2. The method according to claim 1, wherein the generating a vector graph of the sitemap data comprises:
identifying access links contained in the sitemap data, and determining node locations based on jump relationships between each of the access links and the other access links, each of the node locations corresponding to a respective one of the access links; and
taking a diagram containing the node locations as the vector graph of the sitemap data.
3. The method according to claim 1, wherein the acquiring the session data of a target website comprises:
reading a traffic log of the target website, and grouping access data in the traffic log by sessions to obtain one or more groups of session data.
4. The method according to claim 1, wherein the mapping the session data into a subgraph in the vector graph comprises:
identifying the requests contained in the session data, and querying node locations in the vector graph, each of the node locations corresponding to a respective one of the requests;
generating, according to request information of the requests, request nodes each of which matches a respective one of the requests, and filling the generated request nodes in the corresponding node locations; and
sorting the requests according to access time, determining connection relationships between each of the request nodes and the other request nodes according to a sorting result, and taking a diagram formed by the request nodes with the connection relationships as the subgraph obtained by mapping.
5. The method according to claim 4, wherein the generating request nodes each of which matches a respective one of the requests comprises:
counting an access frequency of an access link corresponding to a target request among the requests, and determining a node radius corresponding to the access frequency; and
generating a request node with the node radius, and taking the request node with the node radius as a request node matching the target request.
6. The method according to claim 4, wherein the determining connection relationships between each of the request nodes and the other request nodes according to a sorting result comprises:
determining any two request nodes with adjacent access time among the request nodes, and establishing a connection line between the two request nodes if the two request nodes are different request nodes.
7. The method according to claim 1, wherein the training a preset classifier based on the session tag and the subgraph comprises:
inputting the subgraph into the preset classifier, and comparing a classification result output by the preset classifier with the session tag; and
generating correction information if the classification result is inconsistent with the session tag, and adjusting internal parameters of the preset classifier by using the correction information in such a way that the classification result output by the preset classifier is consistent with the session tag after the subgraph is input into the preset classifier again.
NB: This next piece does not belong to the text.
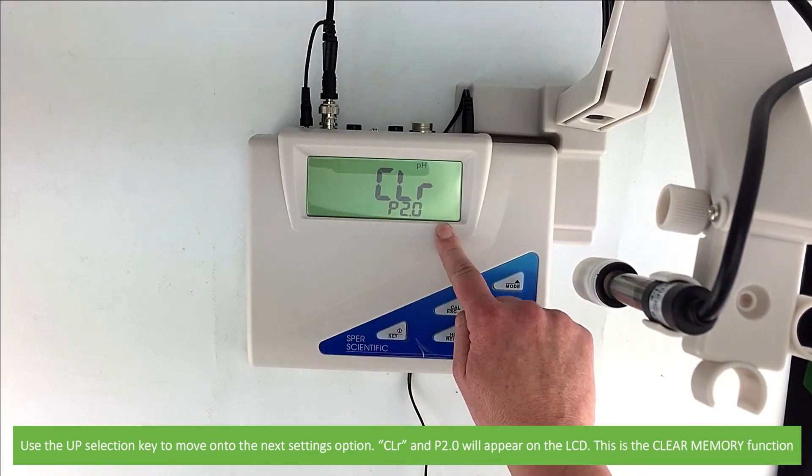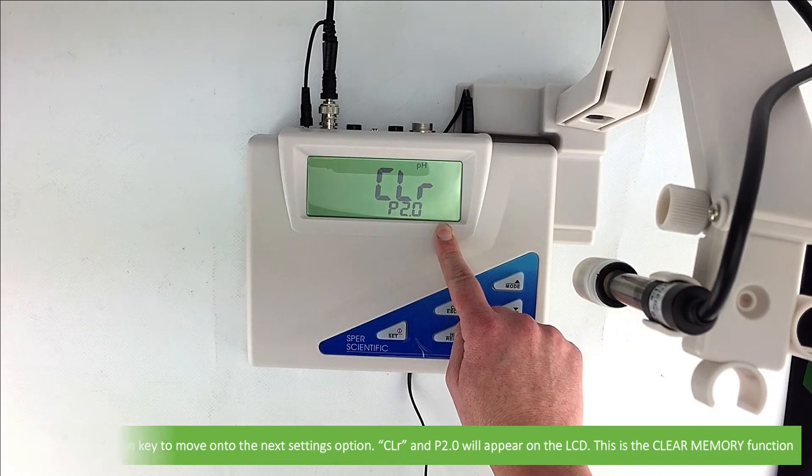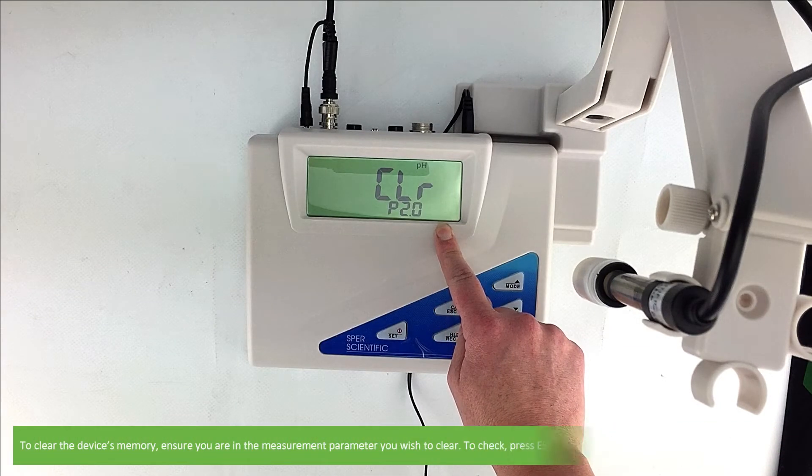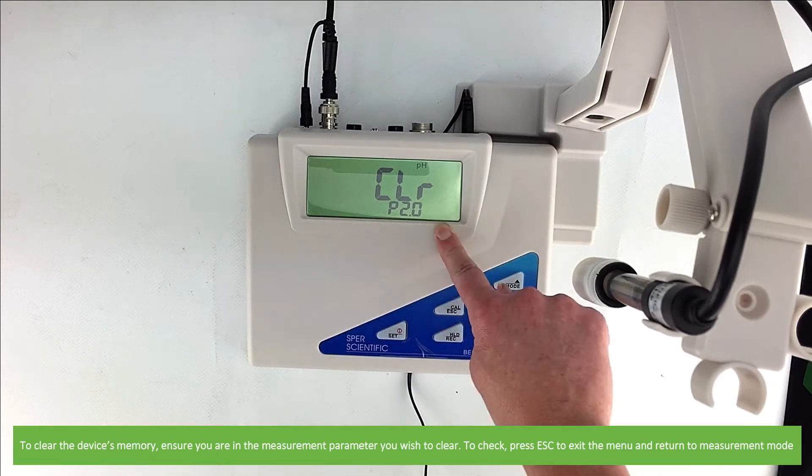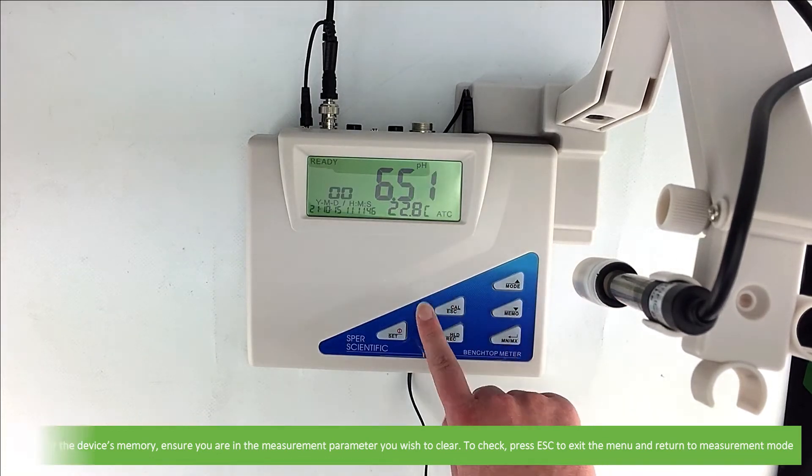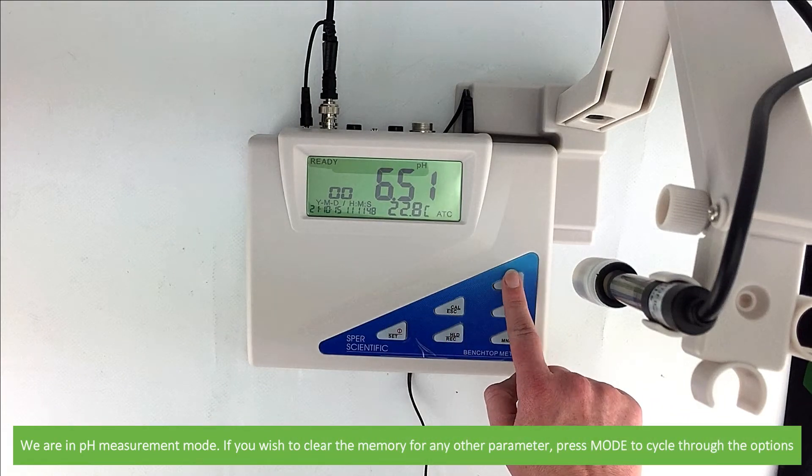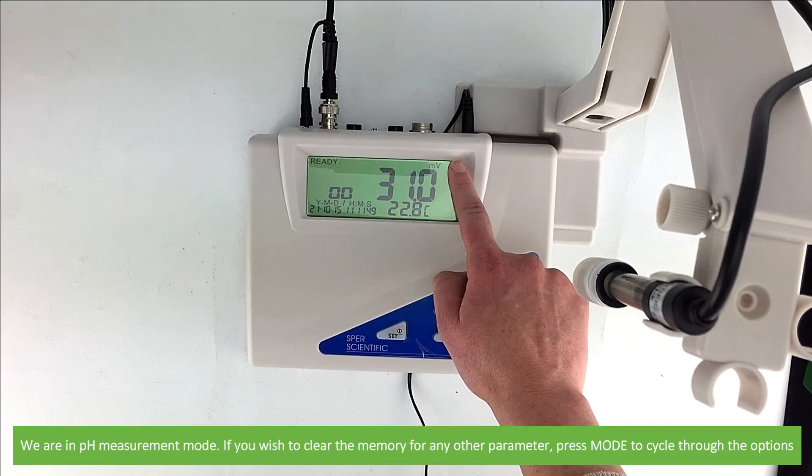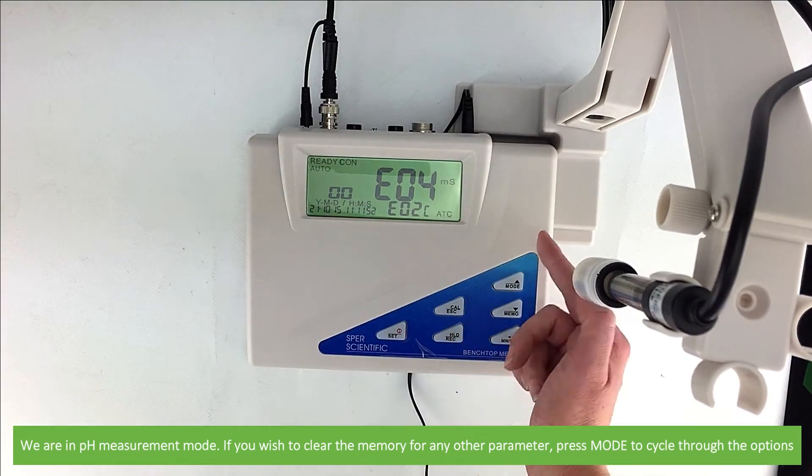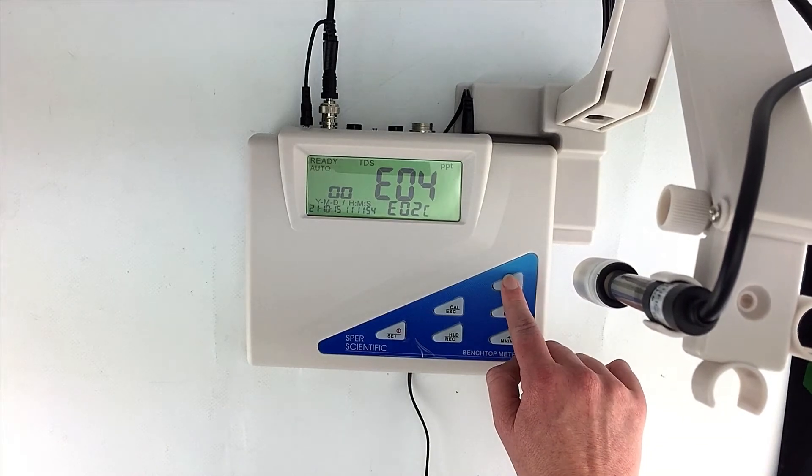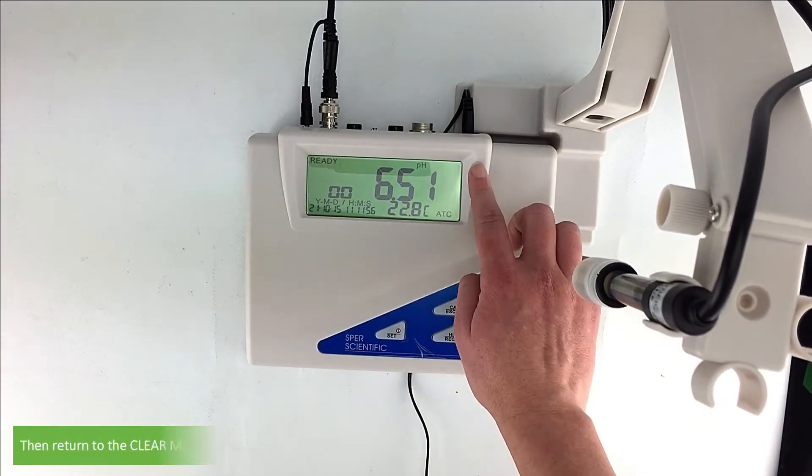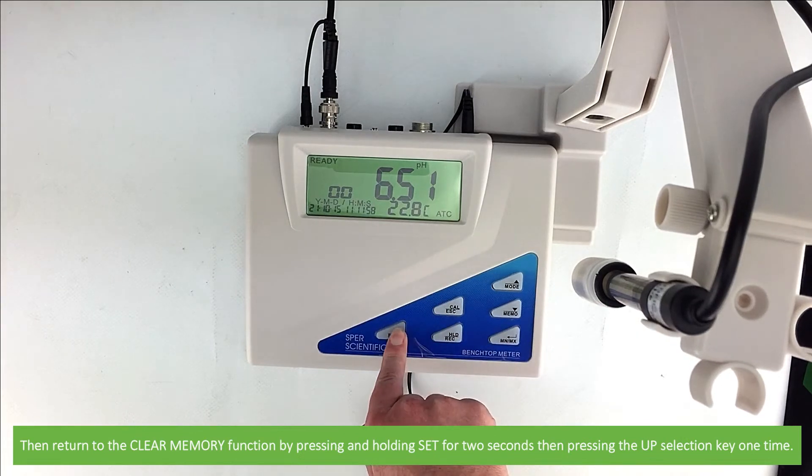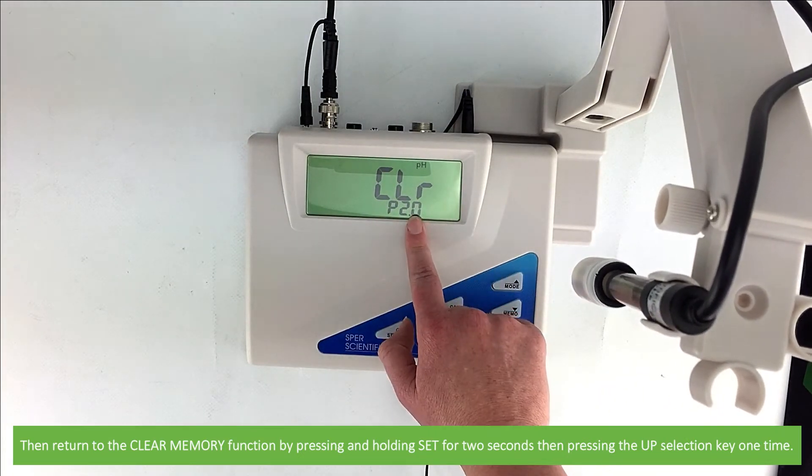CLR and P 2.0 will appear on the LCD. This is the clear memory function. To clear the device's memory ensure that you are in the measurement parameter you wish to clear. To check press escape to exit the menu and return to measurement mode. As you can see we're in pH measurement mode. If you wish to clear the memory for any other parameter press mode to cycle through the options. Then return to the clear memory function by pressing and holding set for two seconds and pressing the up selection one time.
8. The method according to claim 1, wherein after the obtaining a trained classifier for distinguishing crawler data from non-crawler data, the method further comprises:
acquiring target session data initiated by a client for the target website, and mapping the target session data into a target subgraph of the vector graph; and
inputting the target subgraph into the trained classifier, and judging whether the target session data is crawler data according to an output result of the classifier.
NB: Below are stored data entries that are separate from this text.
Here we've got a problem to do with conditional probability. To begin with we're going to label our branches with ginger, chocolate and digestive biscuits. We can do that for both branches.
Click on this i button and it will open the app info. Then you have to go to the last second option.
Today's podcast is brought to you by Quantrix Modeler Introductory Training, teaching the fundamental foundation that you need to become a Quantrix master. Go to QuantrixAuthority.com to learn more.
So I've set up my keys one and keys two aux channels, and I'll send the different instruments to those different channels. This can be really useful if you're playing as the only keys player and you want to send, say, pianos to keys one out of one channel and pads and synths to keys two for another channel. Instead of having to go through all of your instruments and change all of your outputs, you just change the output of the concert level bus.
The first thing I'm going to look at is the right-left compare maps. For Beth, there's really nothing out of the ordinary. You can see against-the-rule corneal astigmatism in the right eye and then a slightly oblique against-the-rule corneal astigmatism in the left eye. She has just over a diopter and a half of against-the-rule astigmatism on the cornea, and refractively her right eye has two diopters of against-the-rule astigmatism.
9. The method according to claim 8, wherein the mapping the target session data into a target subgraph of the vector graph comprises:
identifying whether the number of requests in the target session data reaches a specified number threshold, and mapping the target session data into the target subgraph of the vector graph if the specified number threshold is reached; wherein the specified number threshold is determined when training the classifier for distinguishing crawler data from non-crawler data.
10. A device for identifying crawler data, comprising a memory and a processor, wherein the memory is configured to store a computer program, which, when executed by the processor, causes the processor to implement a method for identifying crawler data, the method comprising:
acquiring sitemap data of a target website and generating a vector graph of the sitemap data;
acquiring session data of the target website, and mapping the session data into a subgraph in the vector graph based on requests contained in the session data;
adding a session tag to the session data, wherein the session tag is configured to characterize whether the session data is crawler data; and
training a preset classifier based on the session tag and the subgraph to obtain a trained classifier for distinguishing crawler data from non-crawler data.
11. The device according to claim 10, wherein the generating a vector graph of the sitemap data comprises:
identifying access links contained in the sitemap data, and determining node locations based on jump relationships between each of the access links and the other access links, each of the node locations corresponding to a respective one of the access links; and
taking a diagram containing the node locations as the vector graph of the sitemap data.
12. The device according to claim 10, wherein the acquiring the session data of a target website comprises:
reading a traffic log of the target website, and grouping access data in the traffic log by sessions to obtain one or more groups of session data.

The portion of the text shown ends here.